The previous Labour government bailed out Lloyds, the country's largest mortgage lender, at a cost of £20.5 billion, as well as Royal Bank of Scotland during the financial crisis.
The plan is “the next step in the government’s plan to return Lloyds to wholly private ownership,” Mr Osborne said.
“Shares will not be sold below the average price the taxpayer paid for them” as part of the plan to “get back for taxpayers the money they paid for banks,” he added.
Lloyds fell 1.6 per cent to 75.63 pence late on Wednesday afternoon in London. The shares have fallen 4.1 per cent this year, the second-best performance among Britain’s five biggest banks after RBS.
“It’s probably a better way of selling down the shares than a direct placing because it’s less disruptive to the share price,” said Joseph Dickerson, an analyst at Jefferies International in London . “It’s generally positive.”

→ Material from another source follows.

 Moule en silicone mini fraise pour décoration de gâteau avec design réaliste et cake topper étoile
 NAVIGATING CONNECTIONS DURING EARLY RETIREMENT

Lloyds chief executive officer Antonio Horta-Osorio, 50, has sold assets and plans to cut £1 billion in costs and 9,000 jobs to revive earnings and bolster capital. After the lender passed the Bank of England's stress tests yesterday, analysts including Chirantan Barua at Sanford C. Bernstein have said it may be able to pay its first dividend since its bailout.
Morgan Stanley will manage the sale for the government, which owns about 25 per cent of Lloyds. The treasury has reduced its stake from 40 percent in two separate sales, raising about 7.4 billion pounds. Still, Osborne hasn't been able to cut the government's 80 per cent stake in RBS, which received a £45.5 billion rescue, the biggest bank bailout in history. RBS shares still trade for less than the government's 407 pence break-even price. The bank may take a decade to return the money, CEO Ross McEwan said in an interview with The Irish Times last week.